* PROVIDED DATA:

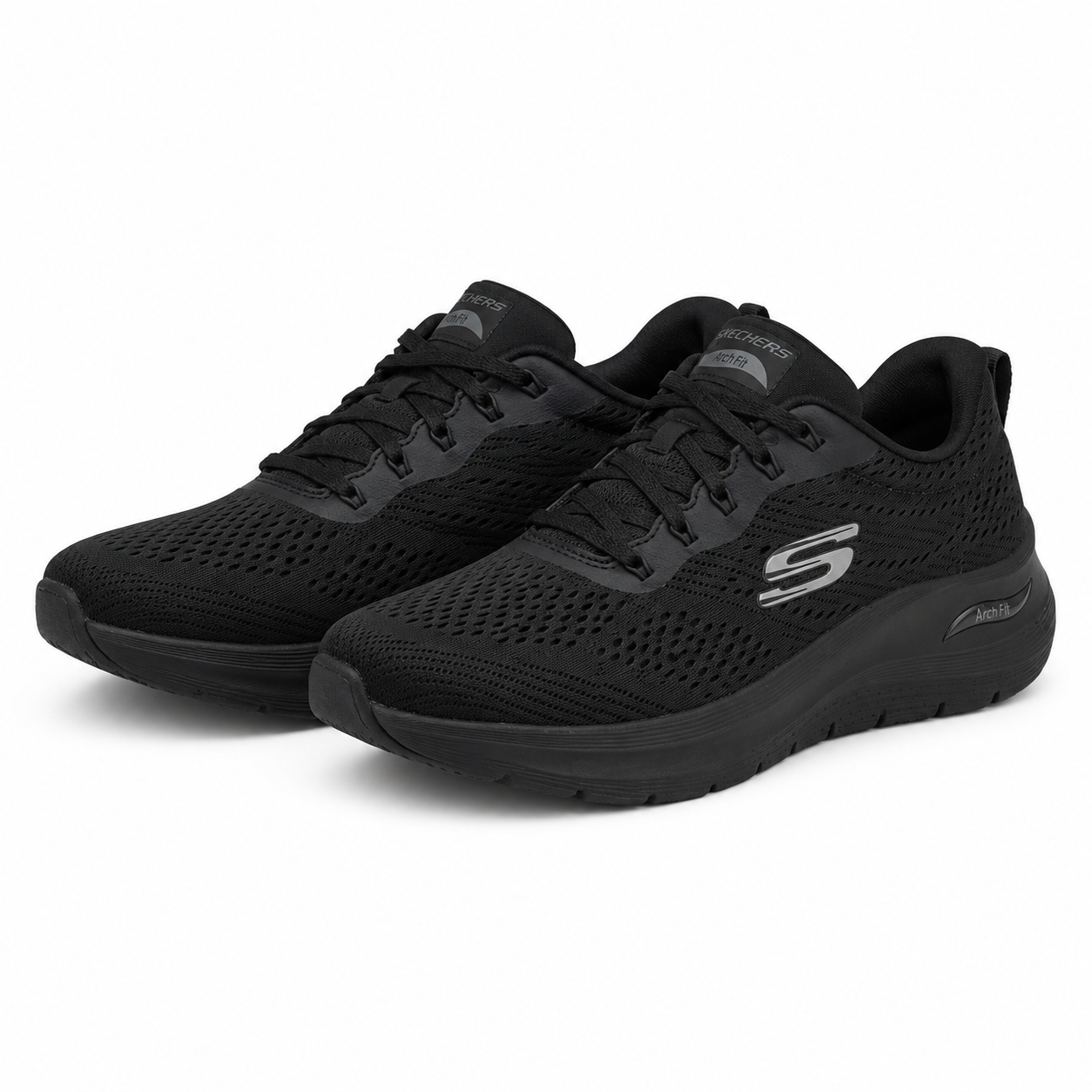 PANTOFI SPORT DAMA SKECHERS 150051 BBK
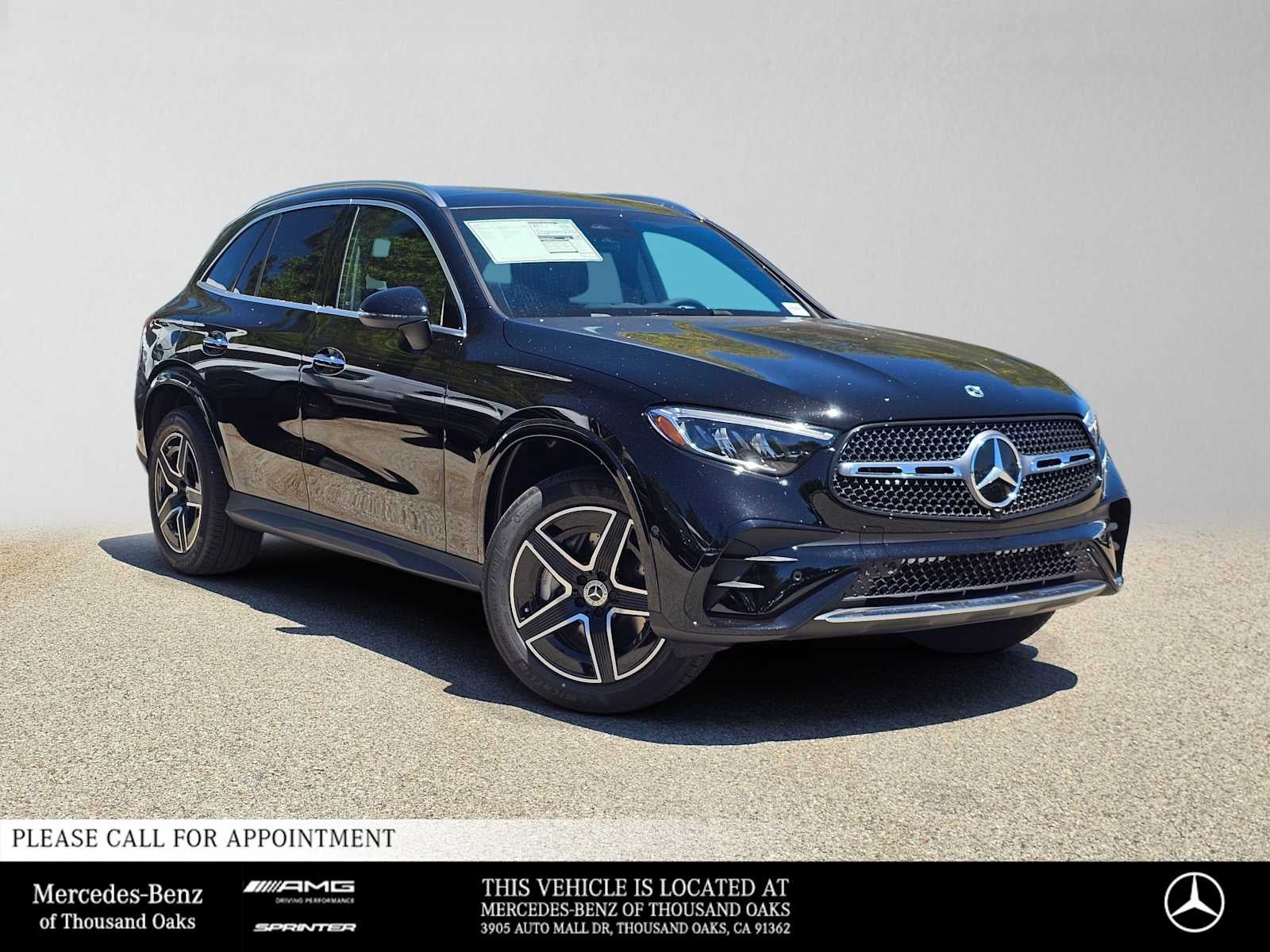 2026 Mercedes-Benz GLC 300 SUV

...

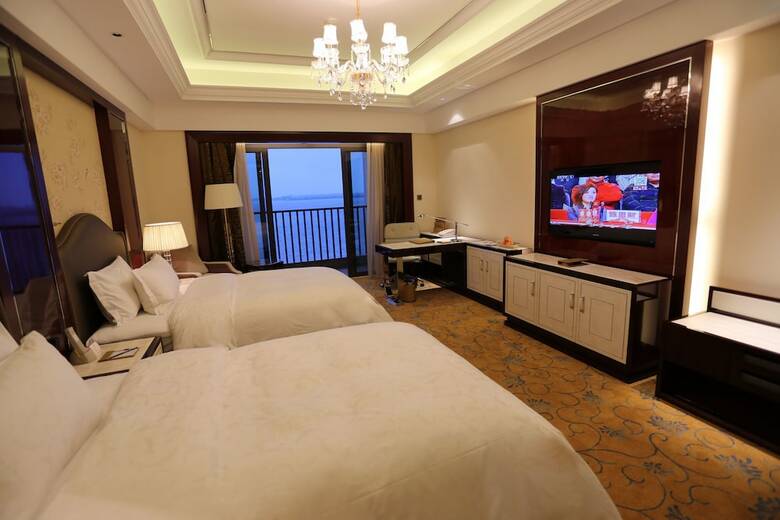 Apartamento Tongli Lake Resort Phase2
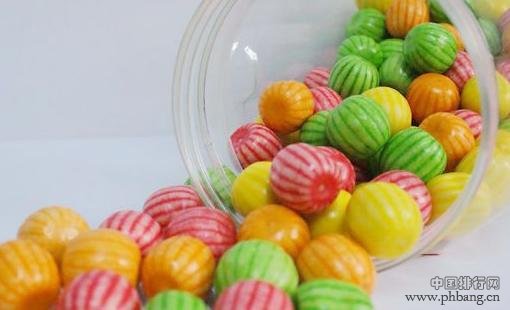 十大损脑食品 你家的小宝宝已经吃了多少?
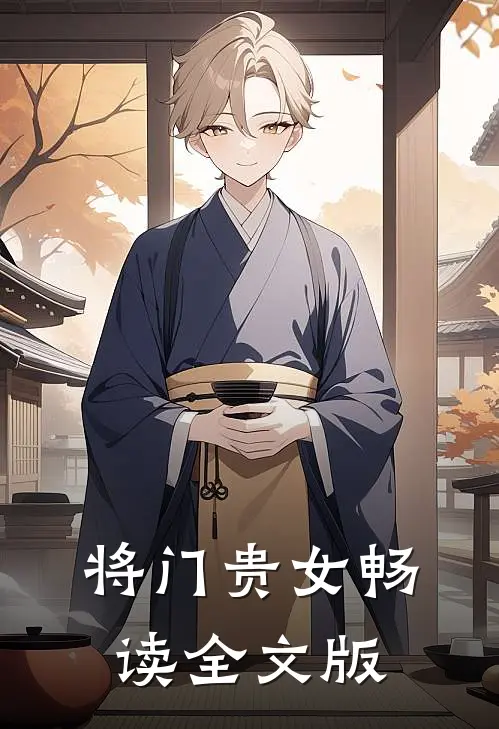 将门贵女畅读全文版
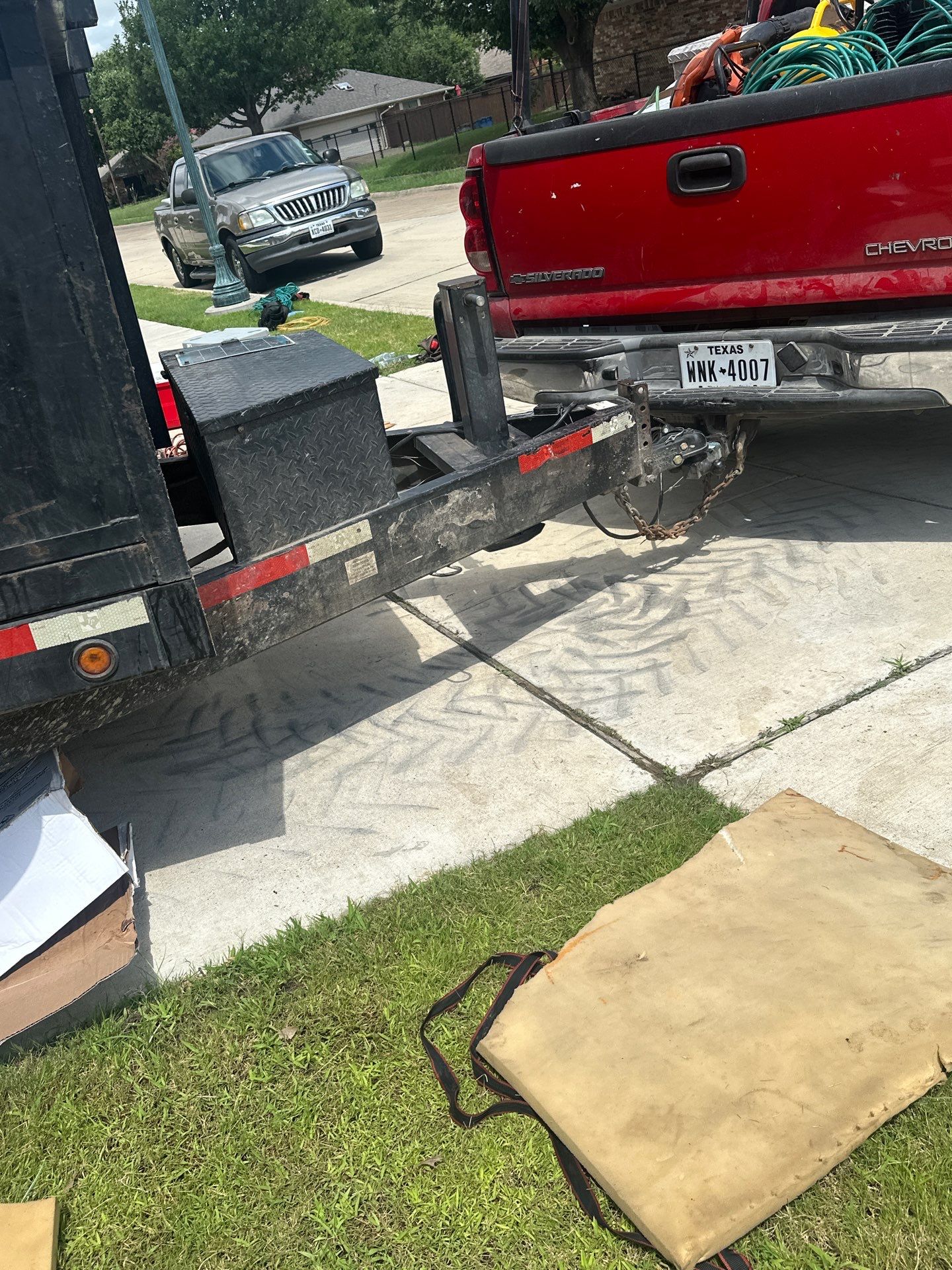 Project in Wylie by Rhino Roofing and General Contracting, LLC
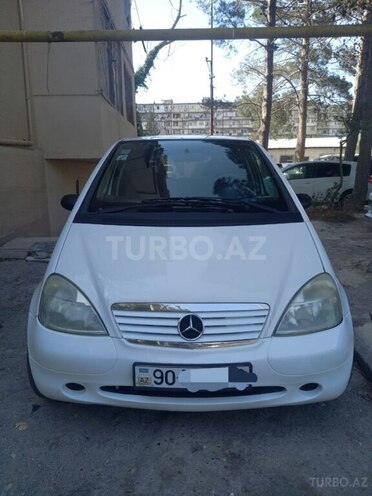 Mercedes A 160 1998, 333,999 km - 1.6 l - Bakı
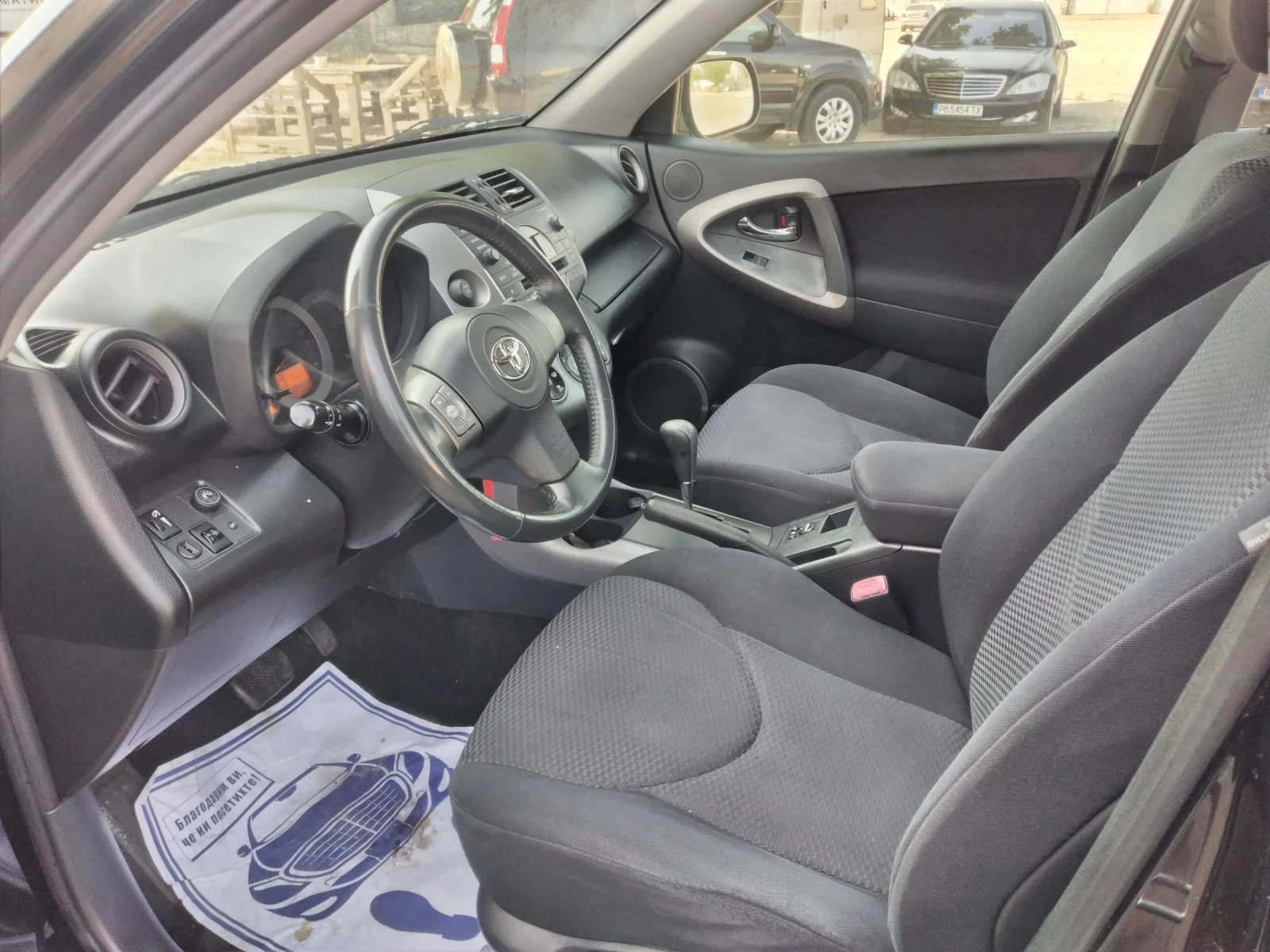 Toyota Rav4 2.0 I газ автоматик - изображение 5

* WHAT TO PRODUCE:
Starting with the line that has "十大损脑食品 你家的小宝宝已经吃了多少?" and going on through the line that has "Toyota Rav4 2.0", transcribe the records above exactly, but skip the pictures.

* EXERCISE OUTPUT:
 十大损脑食品 你家的小宝宝已经吃了多少?
 将门贵女畅读全文版
 Project in Wylie by Rhino Roofing and General Contracting, LLC
 Mercedes A 160 1998, 333,999 km - 1.6 l - Bakı
 Toyota Rav4 2.0 I газ автоматик - изображение 5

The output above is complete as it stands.